(6) ランサ紙 2007/7/4
クセックACT、パワフルな舞台でヌマンシアに新しい息吹
日本の劇団は表現力豊かなビジュアルな上演で成功
目を剥き、顔をしかめ、異星人となり、灰色の重い衣装に身を包み、もしくは身を隠し、まるでそれはみずからのテントを背負う避難民のようでもあるが、劇団クセックACTの俳優たちは鮮烈な姿で舞台に登場した。ただ1人、帽子をかぶりカバンを持った語り手が客席奥から現れた。2200年前に勃発した騒乱に対し、国連監視団がとある駅、それはアトーチャ駅でもいいのだが、そういった駅の彫刻の前に現れたのかどうか分からない。彼はかつて沖縄に、いまはイラクに、アメリカ軍が侵入してきたときと同じ状況を見つめている。
この瞬間、つまり、まさに傍観するしかない語り手の前に混沌とした世界が繰り広げられる瞬間、携帯の単調な着メロがなる。
目の前の恐ろしい出来事に物怖じせず、しかし顔を引きつらせながら、日本人が扮するヌマンシアの住民は、屈服しなかった苦い勝利感を滲ませながら、セルバンテスのゴツゴツとした固い詩句と、この悲劇の背後に潜む陰の部分を、表現力豊かに、しかも革新的な様式で舞台に載せだ。

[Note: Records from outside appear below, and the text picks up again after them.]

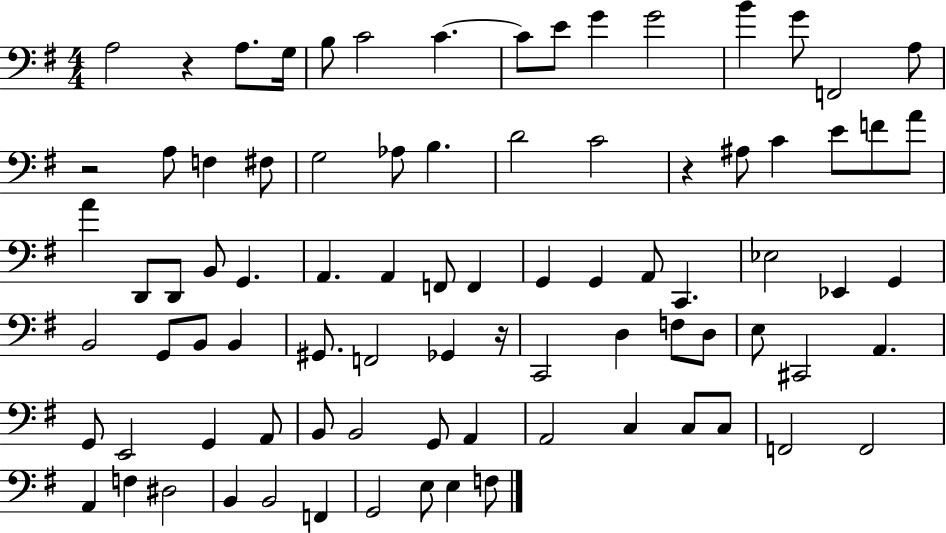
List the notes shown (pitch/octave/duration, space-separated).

A3/h R/q A3/e. G3/s B3/e C4/h C4/q. C4/e E4/e G4/q G4/h B4/q G4/e F2/h A3/e R/h A3/e F3/q F#3/e G3/h Ab3/e B3/q. D4/h C4/h R/q A#3/e C4/q E4/e F4/e A4/e A4/q D2/e D2/e B2/e G2/q. A2/q. A2/q F2/e F2/q G2/q G2/q A2/e C2/q. Eb3/h Eb2/q G2/q B2/h G2/e B2/e B2/q G#2/e. F2/h Gb2/q R/s C2/h D3/q F3/e D3/e E3/e C#2/h A2/q. G2/e E2/h G2/q A2/e B2/e B2/h G2/e A2/q A2/h C3/q C3/e C3/e F2/h F2/h A2/q F3/q D#3/h B2/q B2/h F2/q G2/h E3/e E3/q F3/e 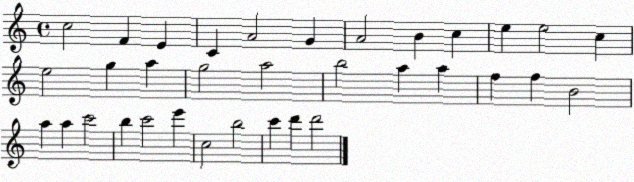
X:1
T:Untitled
M:4/4
L:1/4
K:C
c2 F E C A2 G A2 B c e e2 c e2 g a g2 a2 b2 a a f f B2 a a c'2 b c'2 e' c2 b2 c' d' d'2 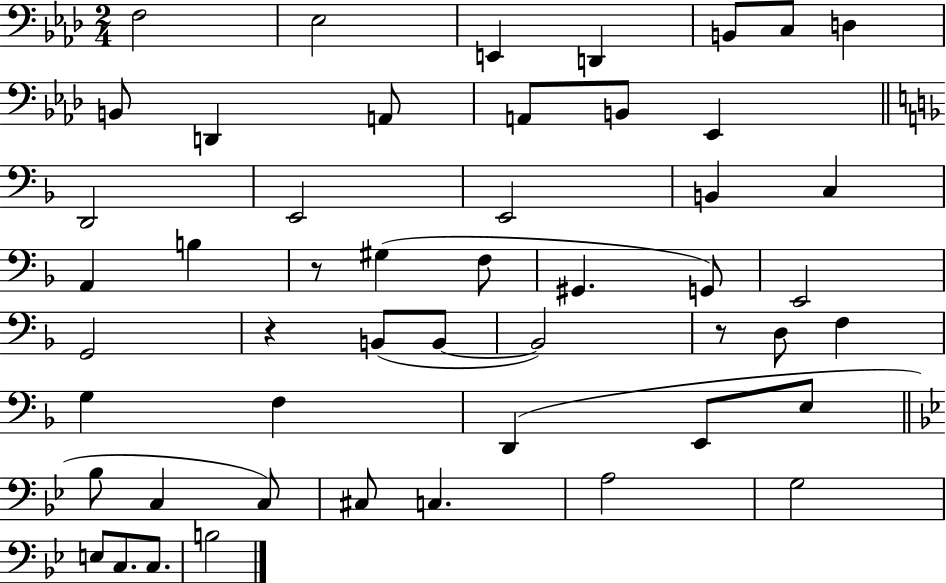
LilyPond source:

{
  \clef bass
  \numericTimeSignature
  \time 2/4
  \key aes \major
  f2 | ees2 | e,4 d,4 | b,8 c8 d4 | \break b,8 d,4 a,8 | a,8 b,8 ees,4 | \bar "||" \break \key d \minor d,2 | e,2 | e,2 | b,4 c4 | \break a,4 b4 | r8 gis4( f8 | gis,4. g,8) | e,2 | \break g,2 | r4 b,8( b,8~~ | b,2) | r8 d8 f4 | \break g4 f4 | d,4( e,8 e8 | \bar "||" \break \key bes \major bes8 c4 c8) | cis8 c4. | a2 | g2 | \break e8 c8. c8. | b2 | \bar "|."
}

狂気と正気、勇猛果敢と生存本能は戦場において区分できるモノではない。なぜなら戦場においてはサッカーの試合のように引き分けということはあり得ない。なぜなら、戦場で敗北を帰さないで相手に勝利を与えない唯一の方法は自らも勝利を手にしないことであるからだ。不合理の合理・・・。
印象的な場面は、俳優たちが黒い衣装を着て赤い提灯を持って登場する死の場面と、男と女のあいだに流れる血を表す赤い布の場面だ。この場面は、女たちが「もしあなたたちがローマ軍に突撃するなら、自分たちは見捨てられ、奴隷となり、死に至るだけだ」と男に迫るところだ。この長い赤い布はまとめられ赤ん坊となる。また、赤い円筒はローマ軍の前で炎上する炎を見事に表現する。

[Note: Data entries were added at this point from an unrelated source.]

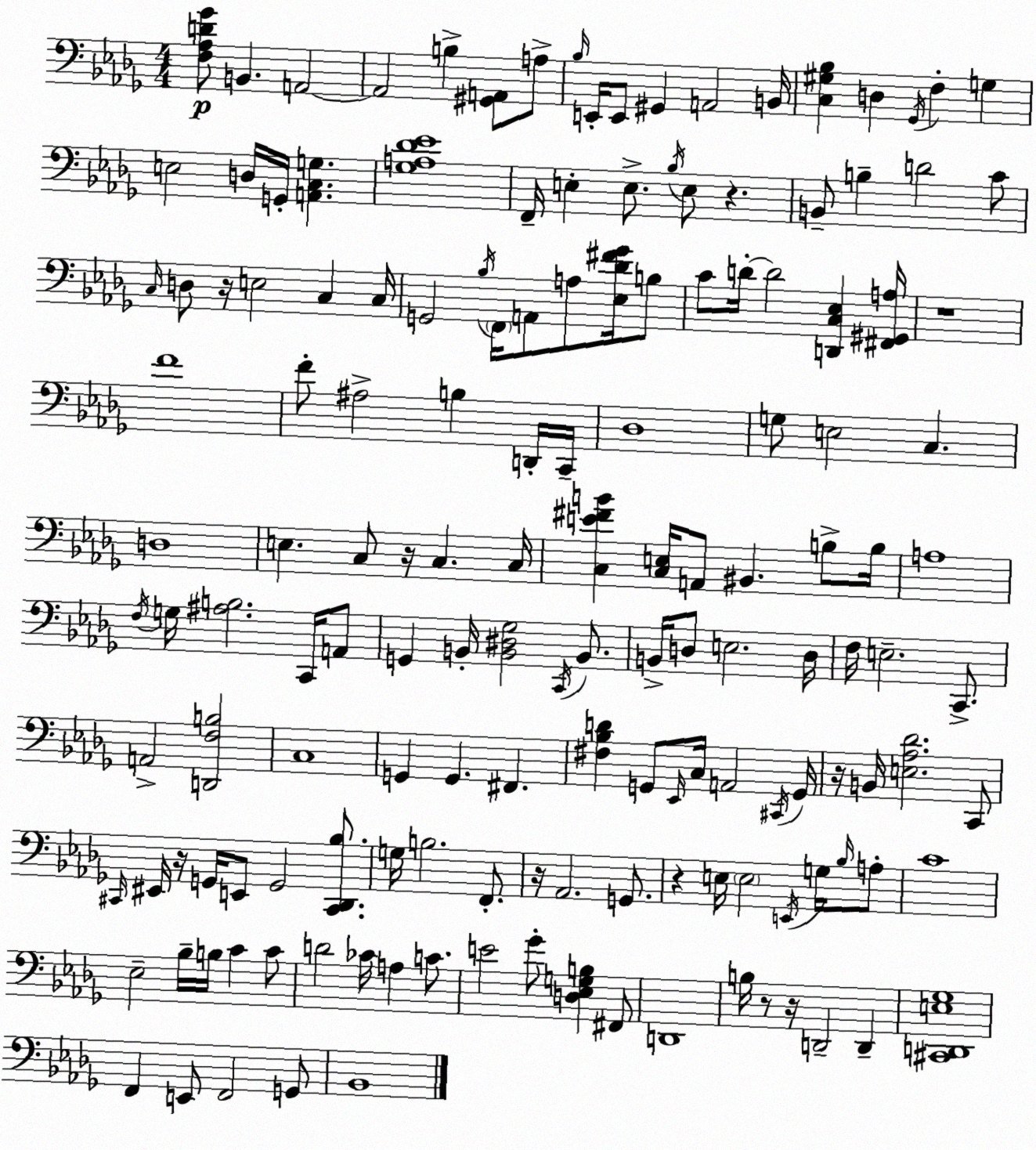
X:1
T:Untitled
M:4/4
L:1/4
K:Bbm
[F,_A,D_G]/2 B,, A,,2 A,,2 B, [^G,,A,,]/2 A,/2 _B,/4 E,,/4 E,,/2 ^G,, A,,2 B,,/4 [C,^G,_B,] D, _G,,/4 F, G, E,2 D,/4 G,,/4 [A,,C,G,] [_G,A,_D_E]4 F,,/4 E, E,/2 _B,/4 E,/2 z B,,/2 B, D2 C/2 C,/4 D,/2 z/4 E,2 C, C,/4 G,,2 _B,/4 F,,/4 A,,/2 A,/2 [_E,_D^F_G]/4 B,/2 C/2 D/4 D2 [D,,C,_E,] [^F,,^G,,A,]/4 z4 F4 F/2 ^A,2 B, D,,/4 C,,/4 _D,4 G,/2 E,2 C, D,4 E, C,/2 z/4 C, C,/4 [C,E^FB] [C,E,]/4 A,,/2 ^B,, B,/2 B,/4 A,4 F,/4 G,/4 [^A,B,]2 C,,/4 A,,/2 G,, B,,/4 [B,,^D,_G,]2 C,,/4 B,,/2 B,,/4 D,/2 E,2 D,/4 F,/4 E,2 C,,/2 A,,2 [D,,F,B,]2 C,4 G,, G,, ^F,, [^F,_B,D] G,,/2 _E,,/4 C,/4 A,,2 ^C,,/4 G,,/4 z/4 B,,/4 [E,_A,_D]2 C,,/2 ^C,,/4 ^E,,/4 z/4 G,,/4 E,,/2 G,,2 [^C,,_D,,_B,]/2 G,/4 B,2 F,,/2 z/4 _A,,2 G,,/2 z E,/4 E,2 E,,/4 G,/4 _B,/4 A,/2 C4 _E,2 _B,/4 B,/4 C C/2 D2 _C/4 A, C/2 E2 _G/2 [D,_E,G,B,] ^F,,/2 D,,4 B,/4 z/2 z/4 D,,2 D,, [^C,,D,,E,_G,]4 F,, E,,/2 F,,2 G,,/2 _B,,4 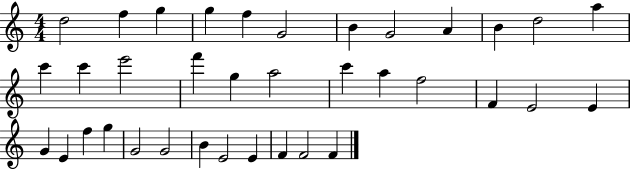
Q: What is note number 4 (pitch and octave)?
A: G5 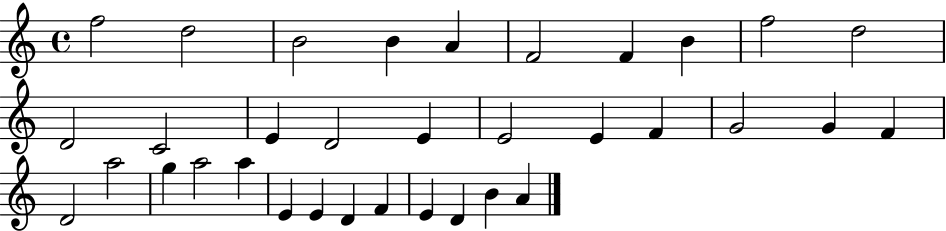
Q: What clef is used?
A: treble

たとえセルバンテスが芝居の世界で不器用な作家であっても、日本の劇団クセックACTは舞台上の仕掛け、例えば、紙風船の雨はローマ軍に侵略される万国旗をおもわせたが、こういったイメージを膨らませる仕掛けと、極限にまで達した肉体表現、この肉体の表現は日本語のセリフを甘い蜜に変えるといってもよい、両者相まって、セルバンテスの戯曲を色とりどりの花が咲き乱れる楽園、劇的感動に溢れるオアシスに変貌させた。

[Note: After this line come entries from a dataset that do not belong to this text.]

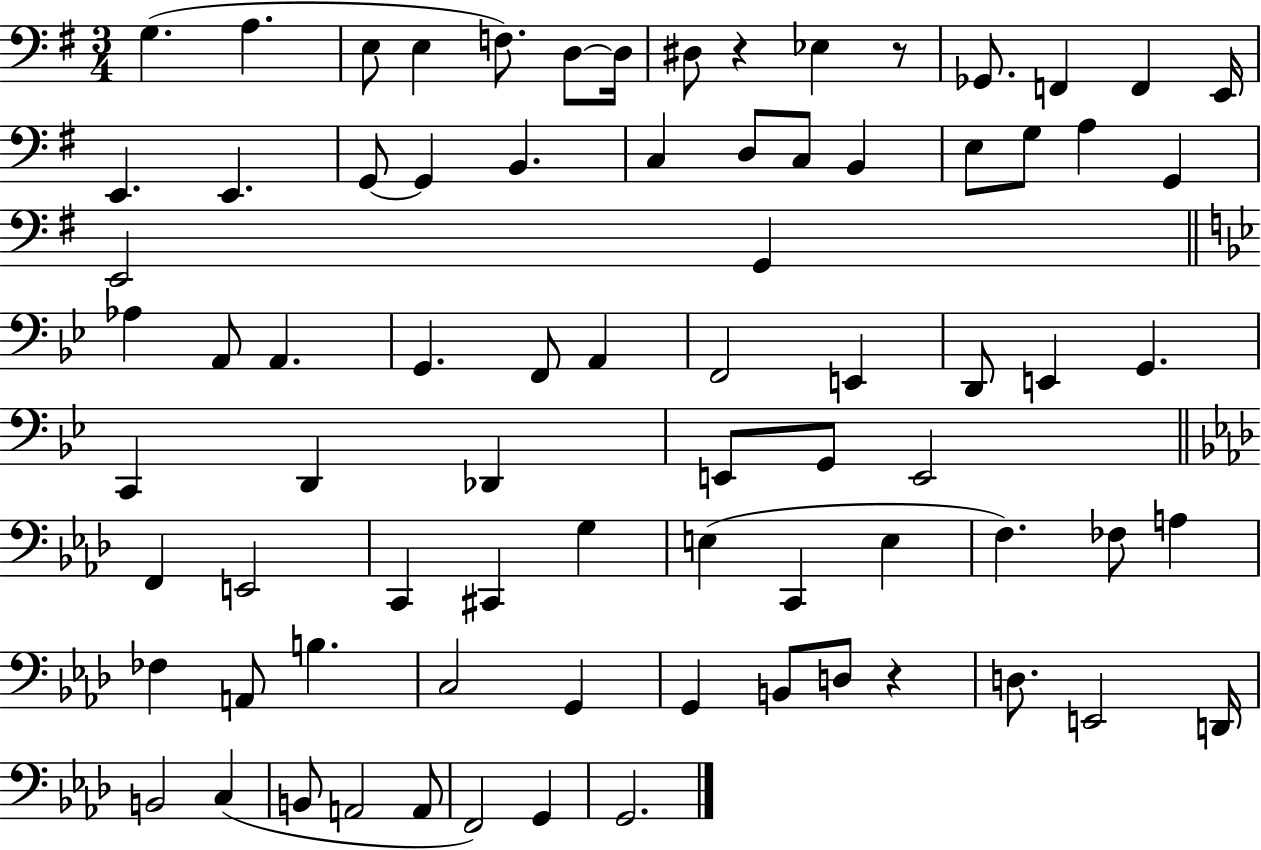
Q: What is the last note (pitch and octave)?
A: G2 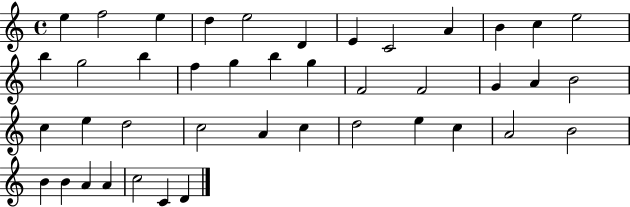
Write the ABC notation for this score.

X:1
T:Untitled
M:4/4
L:1/4
K:C
e f2 e d e2 D E C2 A B c e2 b g2 b f g b g F2 F2 G A B2 c e d2 c2 A c d2 e c A2 B2 B B A A c2 C D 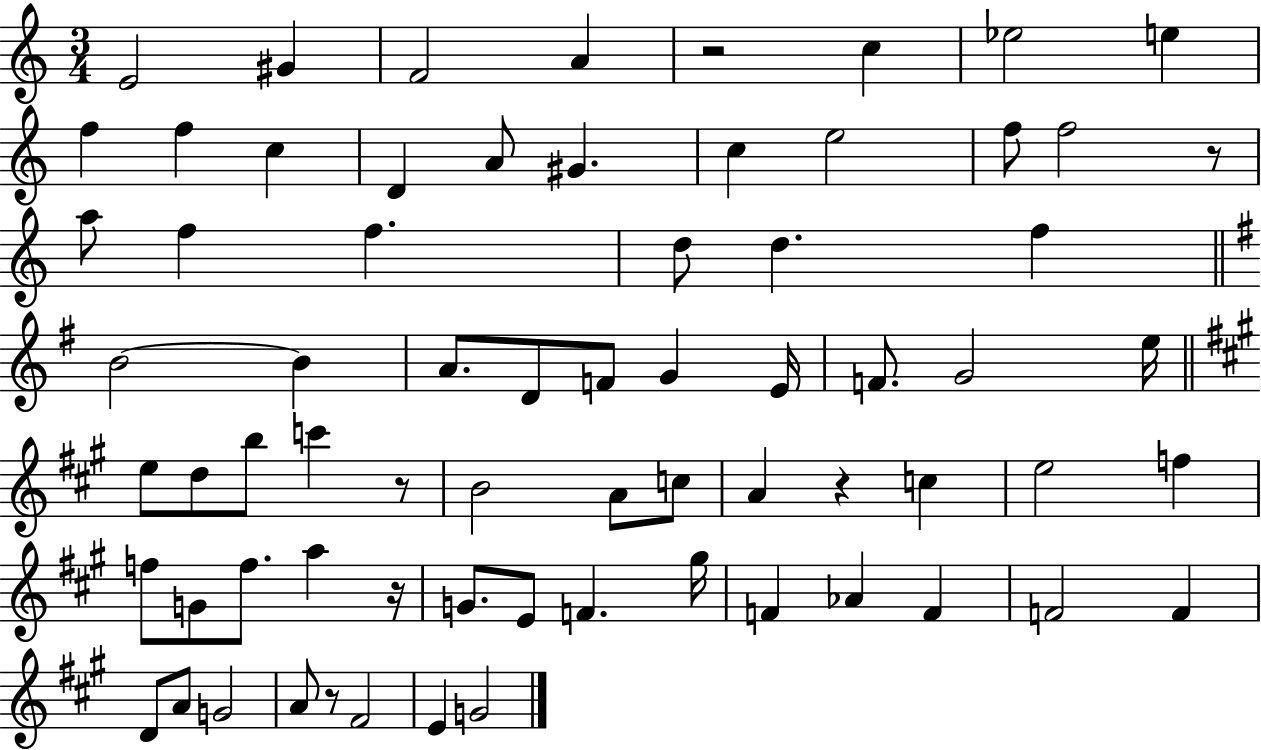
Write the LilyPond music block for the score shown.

{
  \clef treble
  \numericTimeSignature
  \time 3/4
  \key c \major
  e'2 gis'4 | f'2 a'4 | r2 c''4 | ees''2 e''4 | \break f''4 f''4 c''4 | d'4 a'8 gis'4. | c''4 e''2 | f''8 f''2 r8 | \break a''8 f''4 f''4. | d''8 d''4. f''4 | \bar "||" \break \key g \major b'2~~ b'4 | a'8. d'8 f'8 g'4 e'16 | f'8. g'2 e''16 | \bar "||" \break \key a \major e''8 d''8 b''8 c'''4 r8 | b'2 a'8 c''8 | a'4 r4 c''4 | e''2 f''4 | \break f''8 g'8 f''8. a''4 r16 | g'8. e'8 f'4. gis''16 | f'4 aes'4 f'4 | f'2 f'4 | \break d'8 a'8 g'2 | a'8 r8 fis'2 | e'4 g'2 | \bar "|."
}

勝利ともいえる敗北のなかで生き残った少年がローマの将軍の前にすっくと立ちあがり、捕虜になる前に首をくくって死ぬ。ここまでセルバンテスのテキストにイメージを膨らませ生気を与えた上演に対し、観客は拍手の雨を降らせ、役者たちを何度もステージに呼び戻した。彼らは情熱と表現力でアルマグロ市立劇場の観客に勝利したのである。